There is research that suggests that people tend to be more accurate when estimating short time intervals compared to longer ones.

For example, a study published in the Journal Of Experimental Social Psychology in 2004 found that people tend to be more accurate when unpacking or listing small tasks needed to achieve an overall goal, especially when the goal involves more complexity and multi-facets. Hence by unpacking goals or bigger tasks, we can reduce the planning fallacy.  Another study published in the Journal of Software: Evolution and Process in 2010 found that developers tended to be more accurate when estimating tasks that took less than a day.

These studies suggest that estimation accuracy can vary depending on the time scale of the task being estimated.

In the end, estimating or not estimating is a false debate.
Even the “no estimates” movement is still estimating. Saying a team has been able to deliver 8 items last time therefore it can deliver 8 items this time is still an estimation.

We need to talk about the real things.

debate estimation

How much time do we want to spend estimating

It is fundamental for a team and its stakeholders to have an open and honest conversation about how much time they want to spend estimating versus achieving the work at hand. Estimation can be time-consuming, and it’s essential to strike a balance between getting estimates that we judge “accurate” (which is an oxymoron or better said – a rather beautiful cognitive dissonance of our human brain) and actual work delivering value to customers.
Therefore we need to strike a balance between estimating and getting the work done.

The conversation should be focused on the team goals and the value it should deliver over a short period (whether you work in sprints, iterations, or on an item-done basis).
The team’s goal needs to be also tied up to the overall business goals – where does it fit into the big picture? Does it make sense?

Estimation is only one piece of the puzzle, and it’s critical to keep in mind the big picture and what the team is trying to achieve.
By defining the goal and measuring its value delivered, the team can get a clear understanding of what’s working and what’s not and adjust their approach accordingly.

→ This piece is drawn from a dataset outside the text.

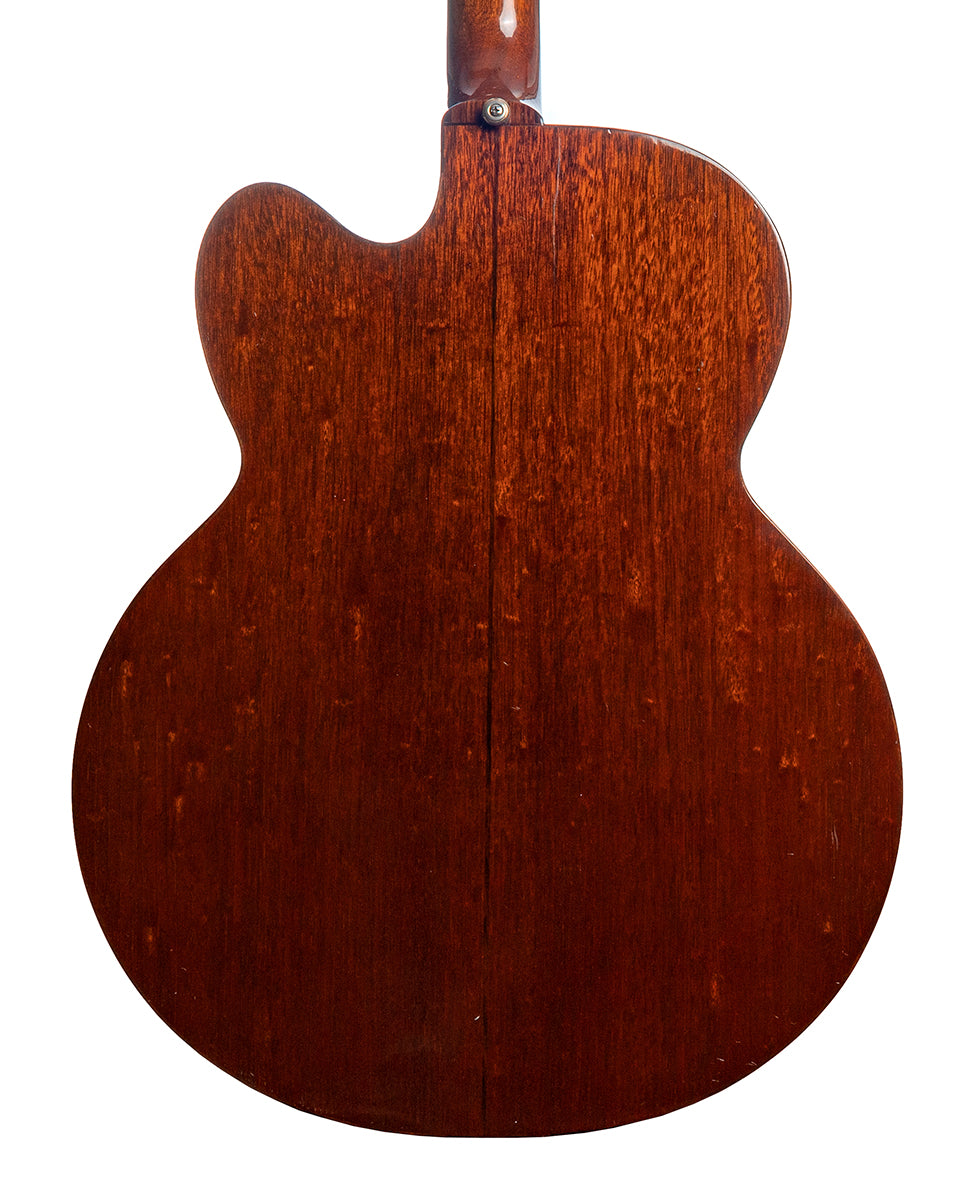 Chris Cross Jumbo Guitar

This approach can also help identify areas of waste and reduce the overall cycle time of the team, leading to increased efficiency and better outcomes.

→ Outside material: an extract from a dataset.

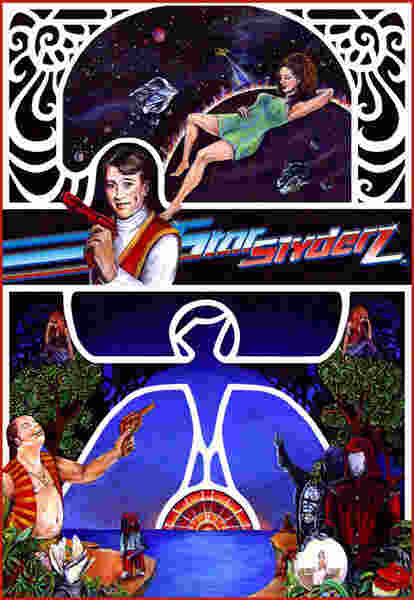 Starslyderz (2005) Screenshot 1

Dealing with “when will it be done?”

One question that always comes up is “when will it be done?”. The answer to this question is never straightforward. We can use probabilistic forecast such as Monte Carlo to provide a range of possible outcomes based on yesterday’s weather and retrospectively analyze the outliers of the distribution to get the necessary lessons on what happened.

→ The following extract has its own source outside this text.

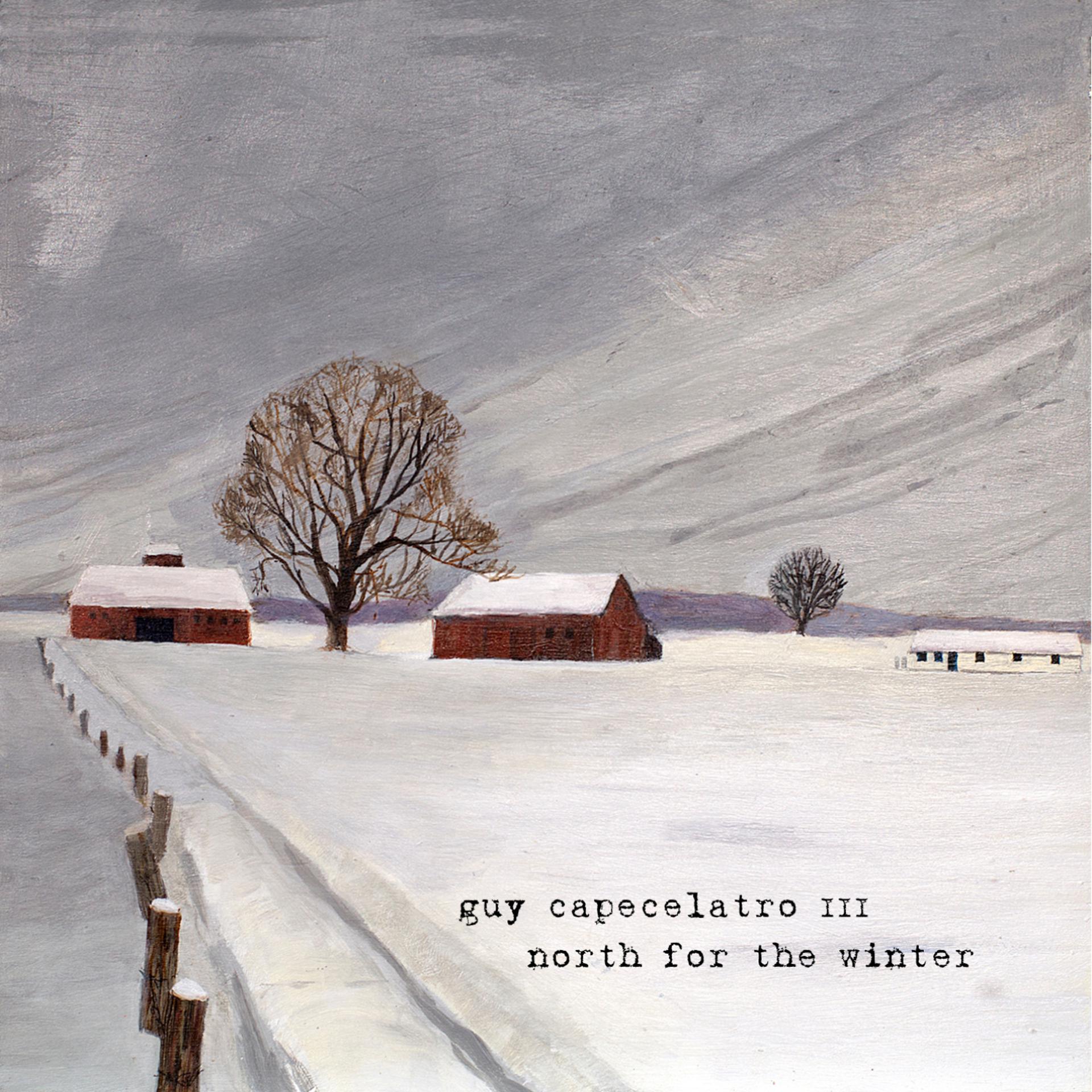 Постер альбома North for the Winter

Monte Carlo is a statistical technique that allows us to model the uncertainty and risk inherent in any project. When using a probabilistic forecast like the Monte Carlo simulation to estimate completion dates, it’s important to focus on the probabilities themselves rather than the accuracy of the estimate, and that’s the beauty of it! We start talking about probabilities rather than accuracy.

By using the beauty of probabilities, teams can communicate more clearly and effectively with stakeholders about the level of uncertainty and risk involved. This helps to manage expectations and reduce the likelihood of disappointment or frustration when the estimated completion date is not met. Additionally, using probabilities allows teams to make more informed decisions about how to allocate resources and manage risk since they have a clearer understanding of the potential outcomes and their likelihood. Overall, using probabilistic forecasts can help teams to make better decisions, manage risk more effectively, and communicate more clearly with stakeholders and their leaders.
This last part is key.

I believe it is where as agile coaches, scrum masters, change agents, or agilist, we need to bring our expertise, coaching, facilitating, and mentoring.
Leveraging the use of probabilities to shift the vocabulary used hence shifting the expectations.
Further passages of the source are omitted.